I meant to include this:
[UNIX-HATER's Handbook:]
> Said volume, a flawed minor classic of the rant genre, has always had
> fans in Unixdom, including yr. present correspondent. It's a
> compilation of postings to the old (long-gone, I think) mailing list
> UNIX-HATERS, mostly sent by disgruntled devotees of Symbolics, Inc.

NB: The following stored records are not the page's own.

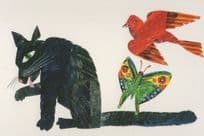 Cat Butterfly Bird Draw Me A Star Eric Carle Book Postcard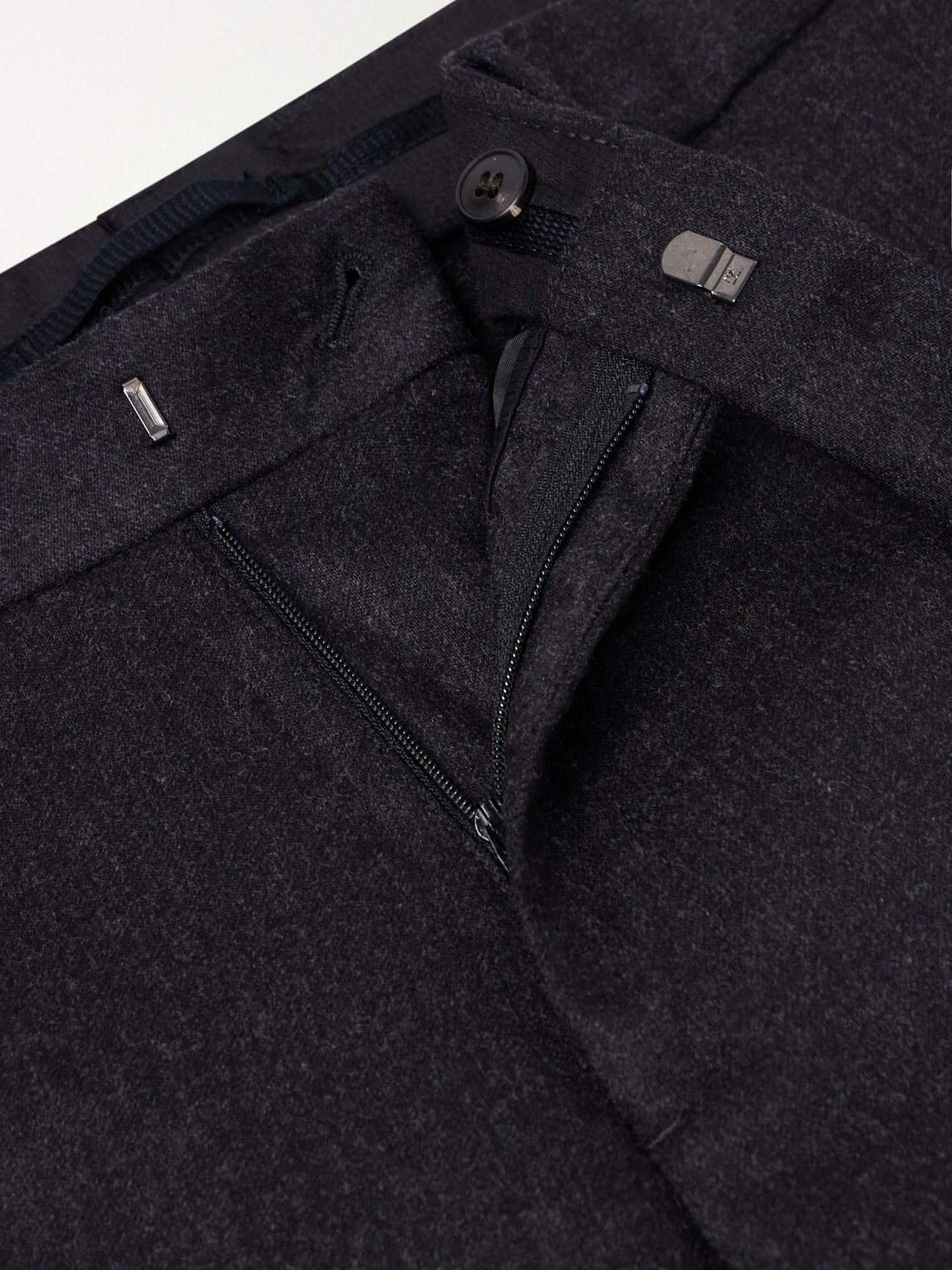 Sunspel - Straight-Leg Stretch Wool-Blend Flannel Trousers - Gray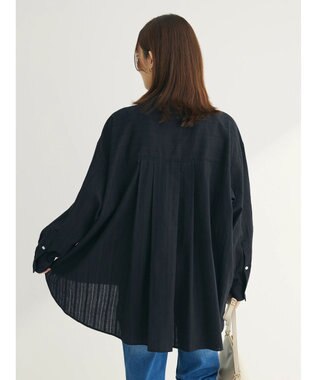 Green Parks カラミバンドカラーシャツ Black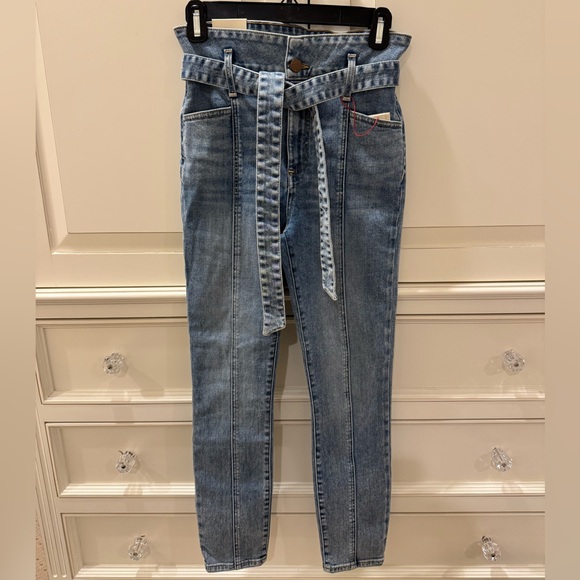 Alice + Olivia Denim - Alice + Olivia Good High Rise Skinny Belt Waistband Golden Child Blue Jean, S 25
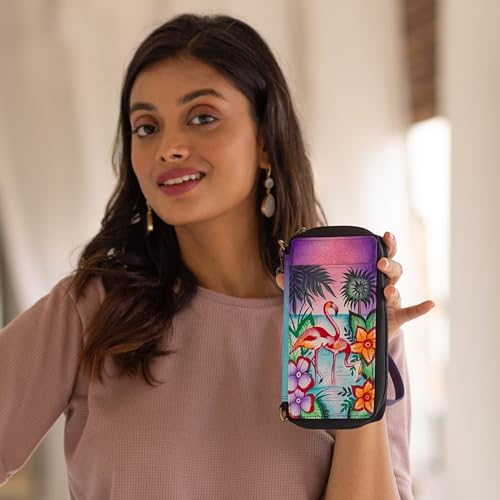 Anna by Anuschka Women's Hand-Painted Genuine Leather Smartphone Case & Wallet - Tropical Flamingos2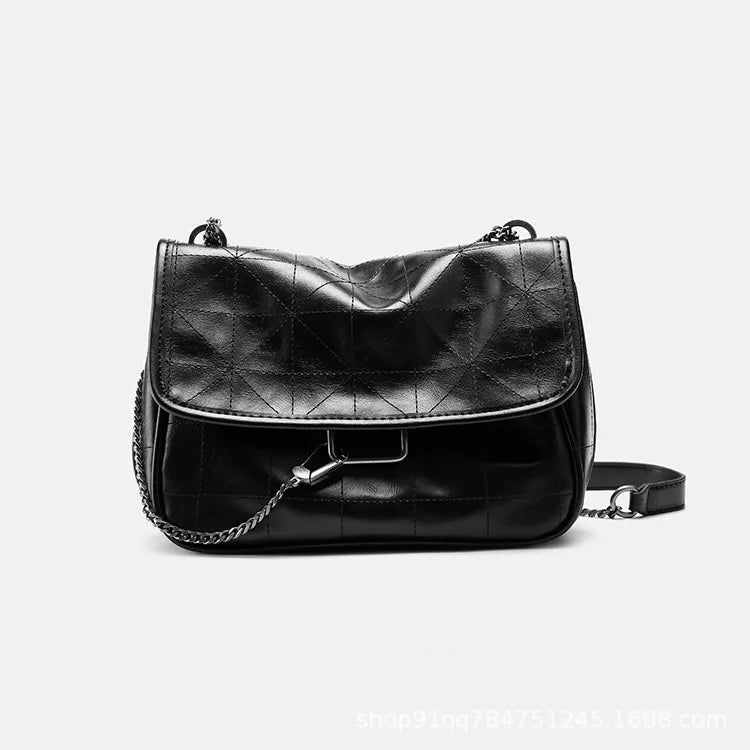Casual Crossbody Bag with Metal Chain for Women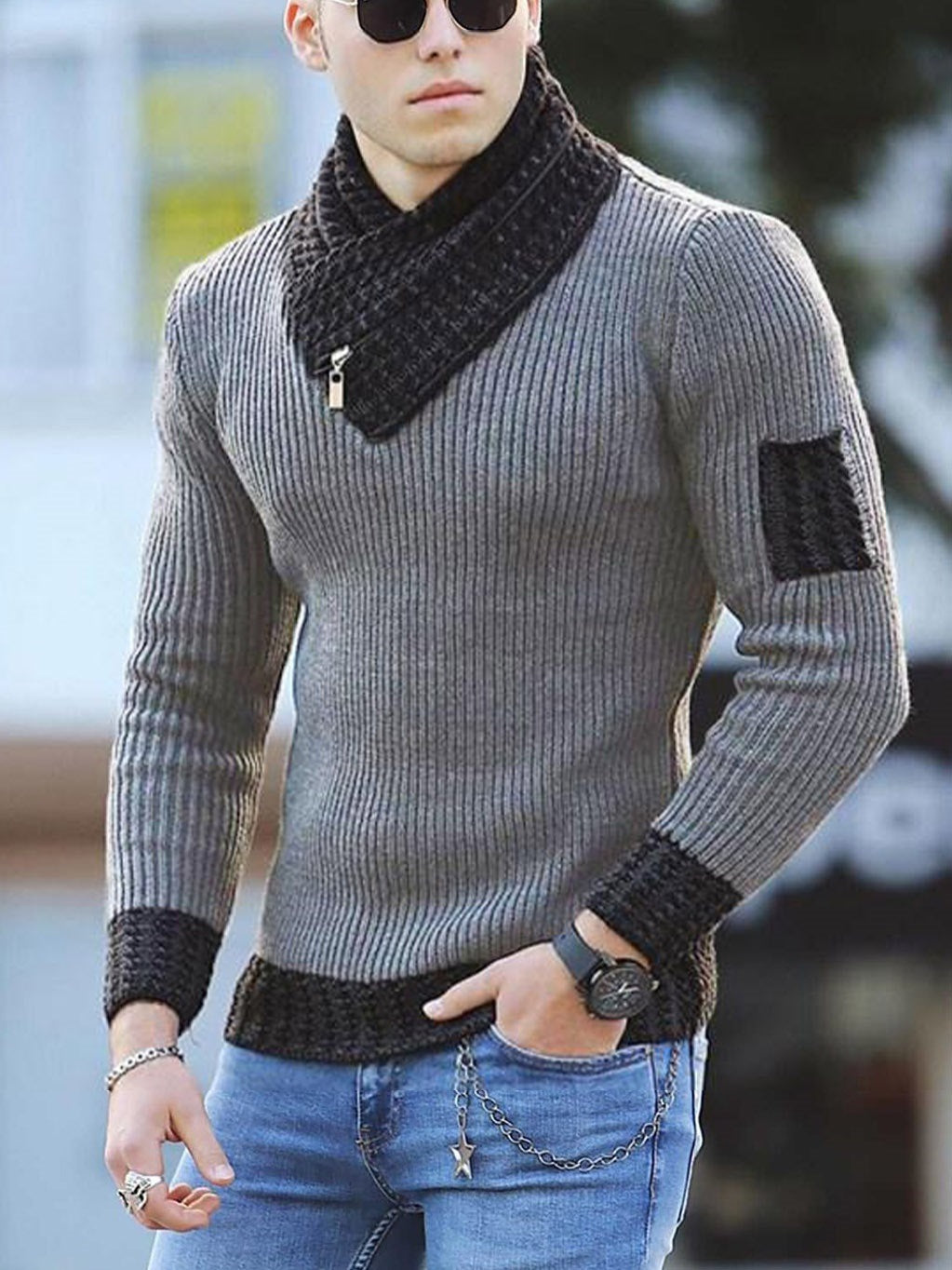 Men’s Slim Knit Pullover Sweater – Long Sleeve High Collar Casual British Style Sweater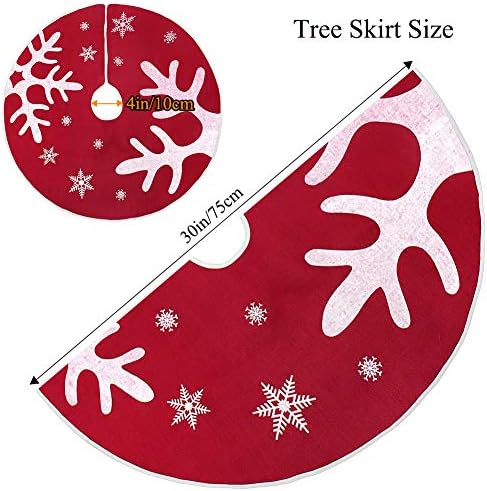 חצאית עץ חג המולד של יוטה חצאית 30in עם פתיתי שלג קלאסיים ודפוסי קרניים, חצאית עץ כפרית לחג המולד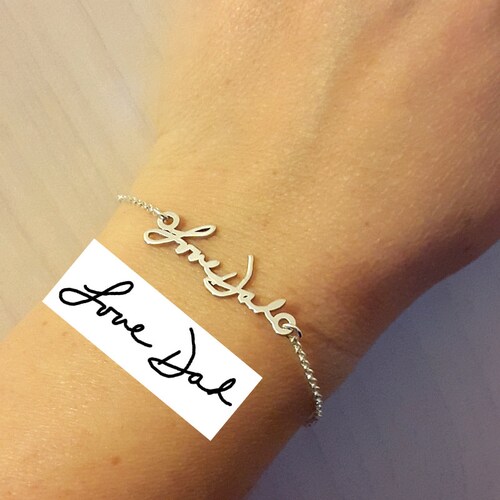 Personalized Signature Bracelet Sterling Silver Handwriting Etsy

> LISP Machines and a few Mac-heads uncharacteristically able to use their
> keyboards. ;-> (In other words, the critiques are all rather ancient
> in 2017.)
Eric Raymond and his blog readership had a retrospective look at this
book in 2008. (Like Eric, I have a well-worn copy of the IDG Press
trade paperback.)
http://esr.ibiblio.org/?p=538
Eric found that some chapters' critiques still had some currency. Most
of them took aim at long-irrelevant targets, like the chapter on
sendmail and the chapter on Unix support for physical terminals. He
views Don Hopkins's chapter about X11 to be mixed bag. I'm amused to
note that Eric makes the same comment I did, about the missed
opportunity when Sun Microsystems refused to open-source NeWS with the
result that everyone stopped using it.
The chapter ranting about infelicities of scripting languages fell
victim to the appearance of Perl and Python, likewise the chapter about
programming tools generally.
Anyway, worth reading (both the book and Eric's retrospectie critique).